On Thu, Feb 5, 2009 at 8:46 PM, Marti Wilkinson <martiwilki at gmail.com>
wrote:


> The problem with refusing to recognize privilege is that it creates a set
of
> blinders that perpetuates the status quo. So while I do agree with the
> sentiments you have expressed - I still think that privilege matters.
Racism
> rears its ugly head in various ways such as the attitude that poor and
> marginalized groups remain that way due to a failure to pull themselves up
> by the bootstraps. This 'blame the victim' approach is one that is used to
> great effect by opponents of reparation, equal rights, and affirmative
> action.
>
> Even worse is the way in which groups can be pitted against one another.
In
> 1996 California passed proposition 209 which killed affirmative action in
> public universities. The sad irony is that it was the vote of white women
> that played a tremendous role in passing 209.  More recently proposition 8
> had support amongst minorities and, as long as we refuse to look at
> privilege, situations like this will continue. On an international scale
> this can manifest in the form of being accused of antisemitism if one
> supports human rights endeavors in Palestine, or focusing on the hostage
> situation in Iran instead of the coup instigated by the US.
>
> If priviledge didn't matter then our politicians would be sending their
kids
> overseas to get killed in Iraq.

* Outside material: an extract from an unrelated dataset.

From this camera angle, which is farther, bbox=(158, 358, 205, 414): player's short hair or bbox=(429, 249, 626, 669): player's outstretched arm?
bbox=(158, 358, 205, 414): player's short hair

What would happen if our state
> representatives and senators where given a link card, then told to feed
> their families solely on what is available. How many people really
> understand what it is like to have a medical card and not get medical
care?
> At one point in my life I actually did end up on welfare and, while the
> experience sucked on so many levels, I'm grateful that it gave me the
> opportunity to really see what happens when you are below the poverty
line.
>
> On Thu, Feb 5, 2009 at 7:01 PM, Robert Naiman <naiman.uiuc at gmail.com>
wrote:
>>
>> Yeah, although you could be for reparations without being for guilt,
>> or even acknowledging privilege. It's a blight on us all that the
>> descendants of slaves have a disproportionately small share of the
>> national economic pie, even if we got off the boat yesterday. I'm for
>> shoveling more money their collective way by any means possible. Call
>> it whatever you want: reparations, affirmative action, full
>> employment, raising the minimum wage, raising the earned income
>> credit, making it easier to form unions, shifting the burden of
>> taxation toward the wealthy, universal health care: I'm for it.
>>
>> On Thu, Feb 5, 2009 at 7:32 PM, Marti Wilkinson <martiwilki at gmail.com>
>> wrote:
>> > The problem with the United States is that many individuals refuse to
>> > accept
>> > ownership of human rights violations and crimes if they don't see their
>> > ancestors as guilty parties. For example: How many people do you know
>> > who
>> > object to making reparations to the descendants of slaves and Native
>> > Americans because their ancestor didn't immigrate to the states until
>> > after
>> > 1900?  People often do not understand how privilege benefits them or
see
>> > the
>> > long term damage that is the result of years of prejudice and bigotry.